Striking “NO” from the Dictionary
There is nothing more instantly off-putting than being told no. No matter which side your own, hearing NO can negatively impact any interaction. Realizing there are situations where saying yes is impossible, it really comes down to learning the correct way to decline something.
Your client wants another round of edits for free and you can’t accommodate? That’s alright, don’t focus on what you can’t do, focus on what you can do. “We would be happy to complete an additional round of edits for you at the agreed upon rate of…”.
Let’s say your agreement states you need payment to proceed however you have a potential client wanting designs right now, no agreement, no payment, no details. Given how many times you were met with no, it’s tempting to say, no you won’t do the work. Instead, offer that perhaps you aren’t the best fit and provide a potential reference. The no is inherent, it doesn’t need to be said.
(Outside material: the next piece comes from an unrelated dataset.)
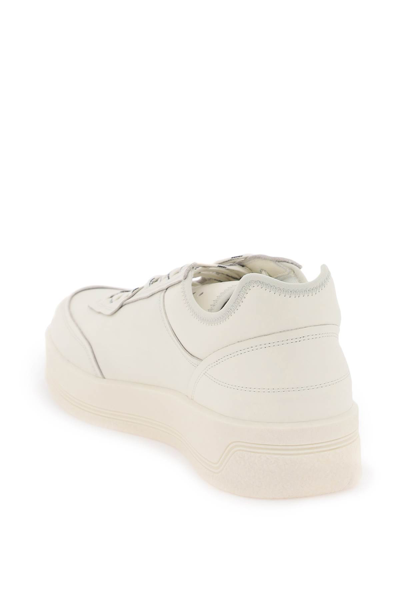 Shop Oamc Cosmos Cupsole Sneakers In Off White (white)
Slight adjustments to remove certain trigger words (like no) can greatly improve relations – try it.
Do What You Say
This is the biggest reason a not-so-common common-sense section even exists here. Personally, I think this is a no-brainer in business. If you say you’re going to do something, f$%^ing do it. Set a meeting? Be on time. Agreed to prompt response, get in gear. Promised to deliver a product on a certain date? Come hell or high water you need to try and meet that. The most important part of building trust is doing what you say when you say it. Break it and you break the trust. No trust means no buy. Bye bye client!
Sure, sometimes things don’t work and you’ll have to make concessions to recoup. The important thing is always striving to do what you say. When I was working for the man, I learned a few fun acronyms that helped.
We were taught that we should strive to UPOD, never OPUD. Always “Under Promise, Over Deliver” rather than “Over Promise, Under Deliver”. Try providing clients with your stretch dates, while you reach original goals. If I plan on having a report by Friday to a client, I tell them to expect it by Monday (my very latest due by). Then, when I send that report on Friday, the client is happy and feels you’ve exceeded expectations.
No matter the side I’m on, I use this principle. Always strive to exceed the expectations of the other person in your engagement and you’re sure to see success.
It All Comes Down to This
I don’t want to work with THAT client, nor do I want to be one. Therefore, I need to be making every effort to uphold the standards of business etiquette I was raised with. Be a good person, communicate well, work through understandings, and general respect the other persons time and efforts.
If we can all agree to do these things, and to be aware of when we become creepers, mind-readers or fade-aways, everyone will enjoy more positive interactions. There’s no much BS and negativity, will you commit to making your business dealings a little brighter?